WASHINGTON, D.C. – House Ways and Means Committee Chairman Kevin Brady (R-TX), Senate Finance Committee Chairman Orrin Hatch (R-UT), and House Ways and Means Oversight Subcommittee Chairman Peter Roskam (R-IL) today sent a letter to Internal Revenue Service (IRS) Commissioner John Koskinen after the Treasury Inspector General for Tax Administration (TIGTA) released a report revealing the IRS’s ongoing failure to modernize its email system. The Office of Management and Budget (OMB) in 2012 required all federal agencies to update their email system by the end of 2016. The TIGTA report found the IRS wasted $12 million on an inadequate email system that fails to meet the IRS’s own security requirements and may have violated federal contracting and appropriations laws.

In the letter, the Chairmen call for IRS officials to brief Congress soon on these failures, as well as outline the Agency’s plan to modernize its email system. They wrote:

“As a result of the IRS’s carelessness, the Agency will not meet OMB’s December 31, 2016, deadline to modernize its email system, wasting millions of taxpayer dollars and further delaying full IRS transparency and accountability. These failures are unacceptable and must be addressed.” 

CLICK HERE to read the full text of the letter.
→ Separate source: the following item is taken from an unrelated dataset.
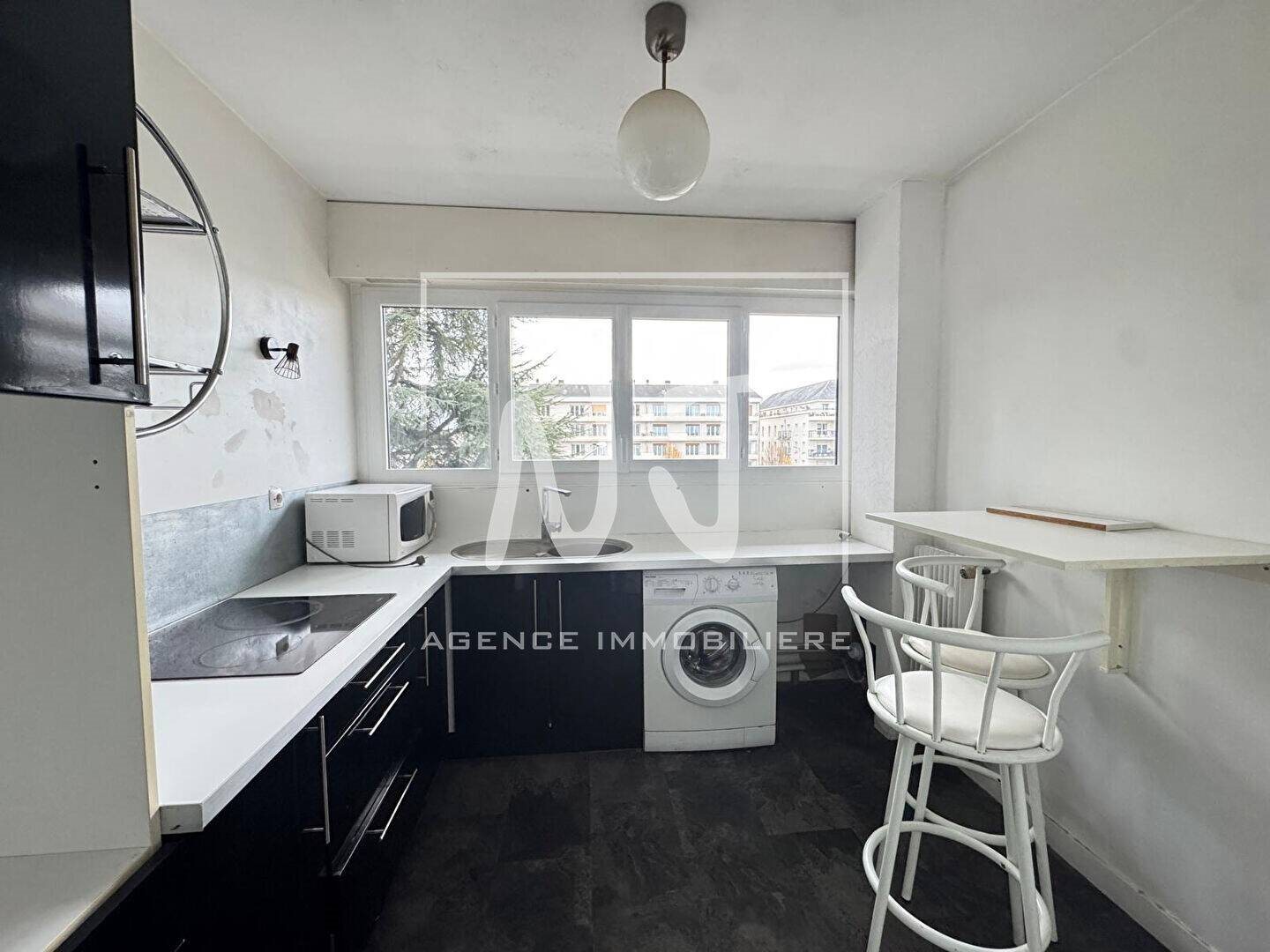 Appartement à louer, 49m², Angers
The Honorable John Koskinen
Commissioner
Internal Revenue Service
1111 Constitution Avenue, NW
Washington, D.C. 20224

Dear Commissioner Koskinen:

The Senate Finance Committee and House Ways and Means Committee have long been concerned about the Internal Revenue Service’s failure to properly preserve its electronic records and implement systems to search for and produce records in response to litigation and congressional requests. On October 13, 2016, the Treasury Inspector General for Tax Administration (TIGTA) reported that not only has the IRS failed to implement a modernized email system, it also wasted $12 million on subscriptions to a new email system that it ultimately never used because the system did not meet the IRS’s own security requirements.   Moreover, TIGTA found that the IRS may have violated its own contracting procedures and federal contracting law requirements because it failed to conduct a full and open competition for the contract.   We write to request the IRS Chief Information Officer (CIO) brief the committees on these inexcusable failures.

The Office of Management and Budget (OMB) has recognized that federal email systems must be modernized in order to properly preserve federal records and ensure accountability to the American taxpayer. On August 24, 2012, OMB issued a directive to all federal agencies requiring them to “manage all email records in an electronic format” in a system “that supports records management and litigation requirements . . . including the capability to identify, retrieve, and retain the records for as long as they are needed” by December 31, 2016.   Two years later, the IRS “made a management decision to consider the enterprise e-mail project an upgrade to existing software and not a new development project or program,” —and therefore did not open the contract to competition as required by the Internal Revenue Manual.   Moreover, according to TIGTA, the IRS did not perform “the required and necessary cost analysis, security assessments, and requirements analysis to implement the software products prior to the purchase of the subscriptions.”   Because of these failures, “the IRS wasted $12 million on subscriptions and renewal fees for software that was never deployed.”

Furthermore, it appears the IRS may have broken federal appropriations law in the course of purchasing the subscriptions. An annual appropriation generally may only be used to meet a bona fide need arising in the fiscal year for which the money was appropriated.   TIGTA found that the IRS “may have violated the bona fide needs rule when it purchased the subscriptions in Fiscal Years 2014 and 2015 by using Fiscal Years 2014 and 2015 appropriations and not deploying the software subscriptions in those years.”

As a result of the IRS’s carelessness, the Service will not meet OMB’s December 31, 2016, deadline to modernize its email system, wasting millions of taxpayer dollars and further delaying full IRS transparency and accountability. To help the committees better understand the IRS’s plans to comply with OMB’s directive and to mitigate the delays and costs created by the decision to shortcut its own standard contracting procedures, the Committees request that the IRS CIO, Gina Garza, brief the staff of both Committees no later than November 2, 2016.

Thank you for your assistance with this request.